Kottu roti
Kottu roti is a hearty Sri Lankan meal dish made of vegetables, eggs, meat, spices, and the pita-like thin Sri Lankan bread called the godamba roti.
To make kottu roti, all the ingredients mentioned above – egg, meat, vegetables, and bread – are chopped up with two metal blades and mixed together on a heated iron sheet. This clashing of metal on metal can be heard rising from many Sri Lankan restaurants.
Kottu roti is such a popular dish in Sri Lanka that there are even songs written about it.
Sambal
Sambal is a spicy sauce made with chili peppers of various types, which range from mildly hot to atomic bomb. There are many different varieties of sambal in Asia – those with peanuts, shrimp, green tomatoes, even durian – but the most popular sambal in Sri Lanka is made with ground coconut meat. They call it pol sambal.
Pol sambal is made best with freshly ground coconut. Add some garlic and ginger pounded to a paste, some lime juice, pepper, and salt, plus fresh ground chili or chili powder (or both).
Serve it with rice and curry. Try not to forget your name as you eat!
Hoppers
Hoppers, or appam, are Sri Lankan breakfast fare, very much like bowl-shaped crepes, but they are made with coconut milk and, for some reason, are much more filling. Two hoppers make a substantial meal for one person.
Sri Lankans love hoppers so much, they have them in different forms, both sweet and savory – just like crepes. There are hoppers with soft-cooked egg in the center. There are plain hoppers, which go really well with curry. There are sweet hoppers, which have extra coconut milk and coconut cream added after the hopper is cooked. There are even hopper noodles.
Wattalapam
Wattalapam is a very popular dessert in Sri Lanka. It’s basically a custard made with coconut milk, jaggery (unrefined cane sugar), cashew nuts, cardamom, nutmeg, cloves, and eggs.
This dish is made by mixing all ingredients together and pouring the mixture onto a caramel-lined mold, to be steamed until firm.
Ceylon tea
You can’t visit Sri Lanka without tasting the tea it is so well known for – Ceylon tea.
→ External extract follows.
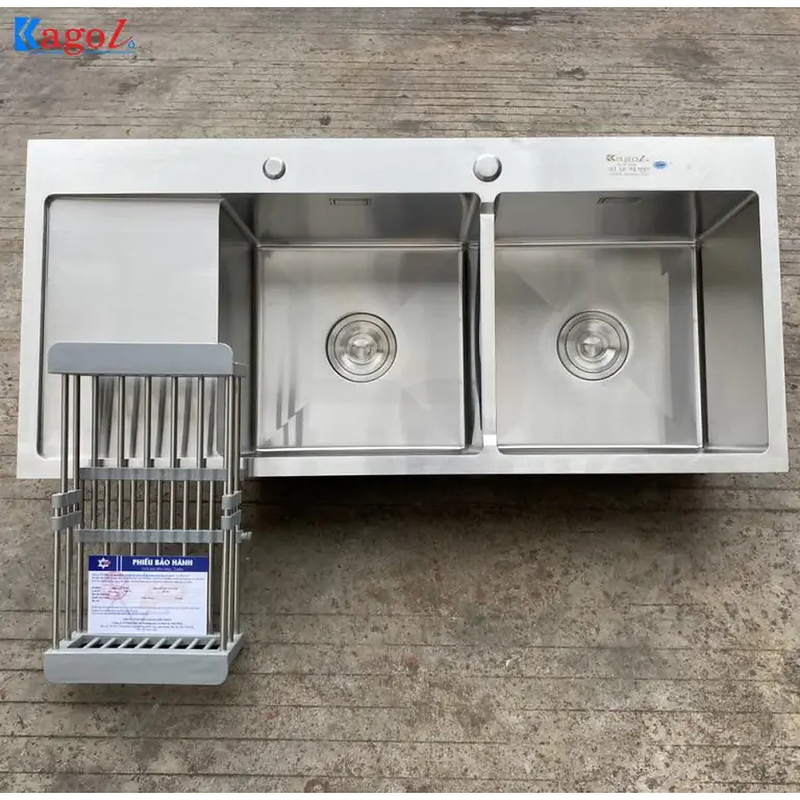 Chậu rửa bát 2 hố cân inox 304 có bàn chờ trái Kagol K10045 Bàn Trái 304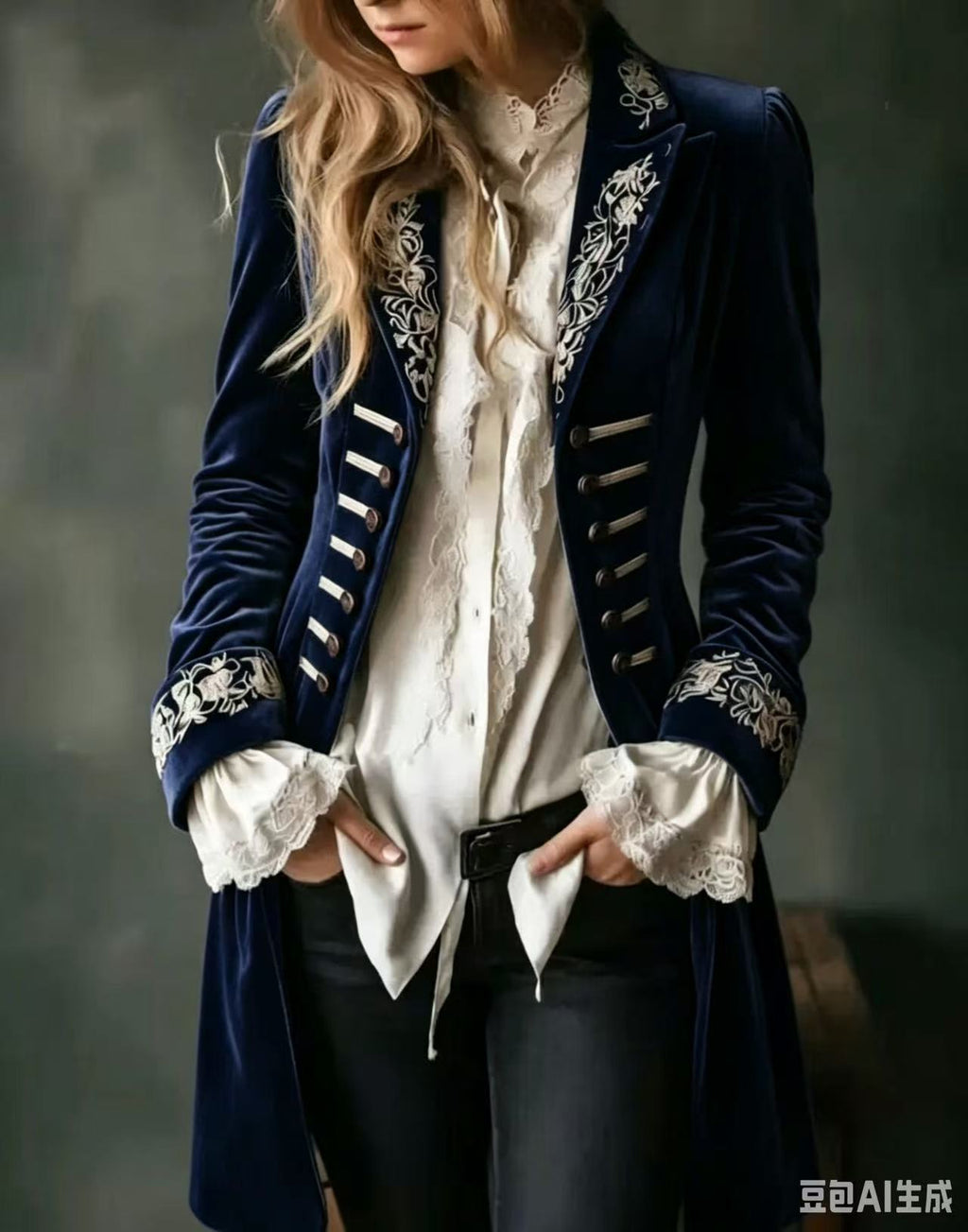 Womens Long-sleeve Solid-color Patchwork Lace Gold-velvet Coat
Certainly, for a tea connoisseur, the taste of freshly brewed tea from freshly dried tea leaves is something worth savoring.
Black Ceylon tea is what Sri Lanka is most famous for; Sri Lanka’s green tea is less popular, as it is darker and richer than the Chinese green tea that the world is more used to.
Ceylon white tea is a highly prized tea made from the youngest tea leaves – indeed, the highest type of white tea is made from just the very first tea buds.
Ceylon white tea may be very expensive – a pound often costs around $50 – and it may not at all be what you are used to, but it is very easy to appreciate its delicate taste with notes of honey and pine. Indeed, it would be an awful shame if you left Sri Lanka without having tasted Ceylon white tea.